Berbicara pada hari Senin sebelum KTT BFI di Perserikatan Bangsa-Bangsa, Komisi Perdagangan Berjangka Komoditas (CFTC) Komisaris Rostin Behnam membahas tantangan yang dihadapi oleh agensi karena mengatur industri yang terkait dengan bidang blockchain yang baru lahir. Namun, jauh dari merendahkan teknologi ini sebagai alat untuk para penjahat, ia menumpuk pujian berlebihan atas kemampuannya untuk secara positif mengubah sektor keuangan.

“Tapi mata uang virtual mungkin - akan - menjadi bagian dari praktik ekonomi negara manapun, di mana saja. Biarkan saya ulangi: mata uang ini tidak akan pergi dan mereka akan berkembang biak ke setiap ekonomi dan setiap bagian dari planet ini, ”katanya, menambahkan:

“Kami sedang menyaksikan revolusi teknologi. Mungkin kita menyaksikan keajaiban modern. ”

Khususnya, Behnam, seorang pejabat Administrasi Trump Demokrat yang mulai menjabat sebagai komisaris pada tahun 2017, lebih lanjut menekankan bahwa cryptocurrency terdesentralisasi dan dikeluarkan secara pribadi - bukan mata uang digital yang didukung bank sentral (CBDC) - akan menggantikan mata uang fiat fisik, setidaknya di banyak bagian Dunia.

"Beberapa tempat, ekonomi kecil, dapat menjadi tergantung pada aset virtual untuk bertahan hidup," katanya. “Dan, mata uang ini akan berada di luar perantara moneter tradisional, seperti pemerintah, bank, investor, kementerian, atau organisasi internasional.”

Berkaca pada masa depan yang prospektif ini, Behnam menyatakan optimisme yang hati-hati bahwa teknologi cryptocurrency dapat memacu gerakan kekayaan yang "adil" dari para penjaga gerbang yang korup ke miliaran orang yang suaranya selalu diabaikan oleh mereka yang berkuasa.

“Ada 6,8 miliar ponsel di dunia, hampir satu untuk setiap orang di planet ini. Inilah kesempatan kita untuk memasukkan uang langsung ke tangan orang-orang yang membutuhkannya, tanpa suap, rake-off, korupsi, dan penggeledahan. Mata uang virtual dapat mengubah lanskap ekonomi dan sosial. Itu bisa berarti pergeseran kekayaan yang besar dan adil. Teknologi bisa menjadi transformasional, tanpa pengambilalihan militer, perang sipil, atau keyakinan politik atau agama. ”

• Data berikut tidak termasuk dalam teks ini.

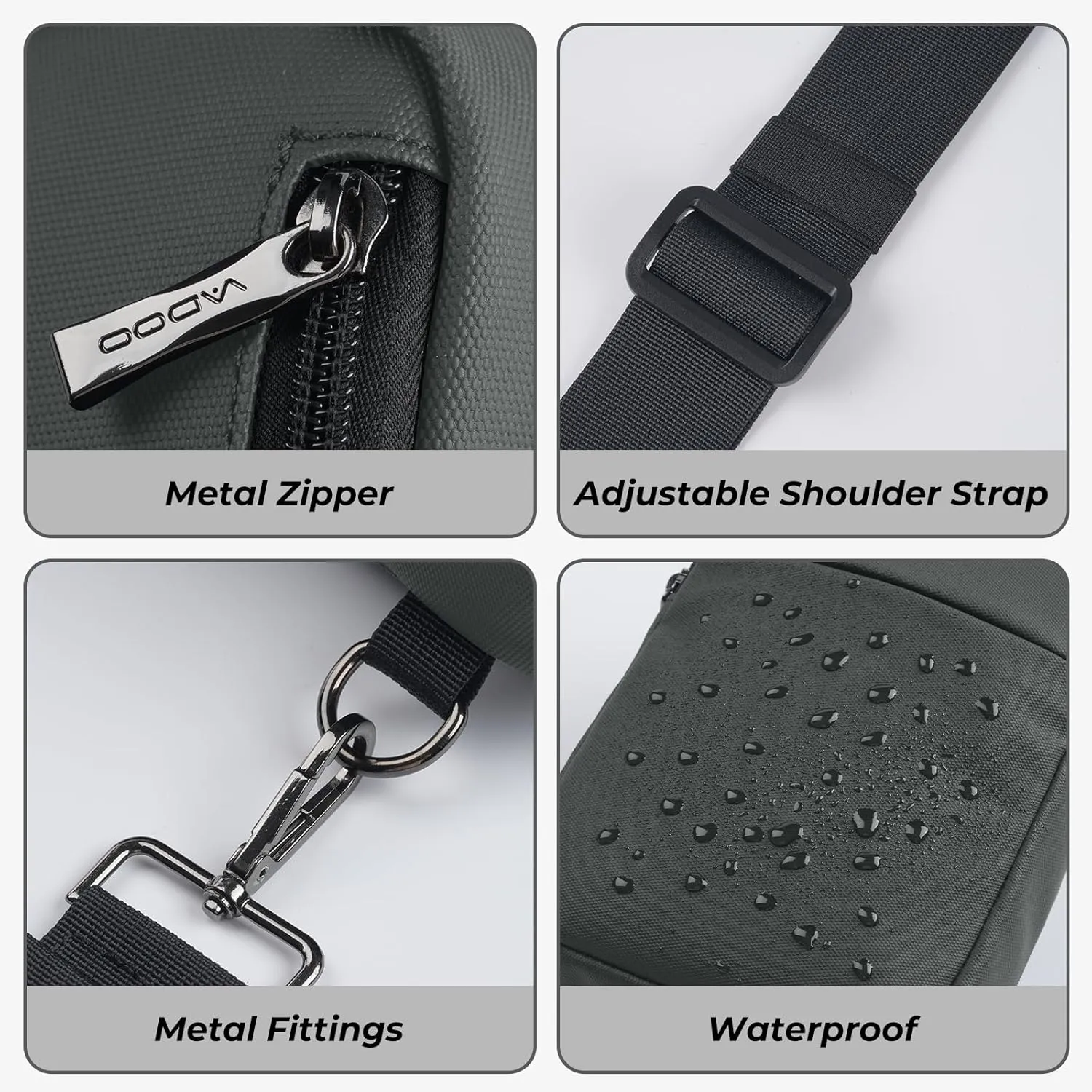 VADOO Sling Bag, Small Crossbody Bag with RFID Blocking for Women and Men, Lightweight Chest Phone Mini Bag for Travel Casual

Namun, Behnam memperingatkan bahwa transformasi ekonomi ini dapat mengubah dystopian jika "elit ekonomi" mampu mengendalikan "sarana distribusi" dari aset-aset ini, memungkinkan para pelaku korup untuk menggunakan teknologi yang menjanjikan ini untuk semakin menguras kekayaan mereka yang menderita kemiskinan dan kekerasan. . Dia mengatakan bahwa ini akan mengarah ke masa depan yang gelap.

“Aset virtual bisa menjadi cengkraman. Dengan kata lain, teknologi dapat menjadi senjata melawan pekerjaan Perserikatan Bangsa-Bangsa dan yang lain berusaha untuk mengurangi kemiskinan atau kekerasan. Aset virtual menjadi alat kontrol kekayaan yang lebih dalam dan alat eksploitasi, ”katanya.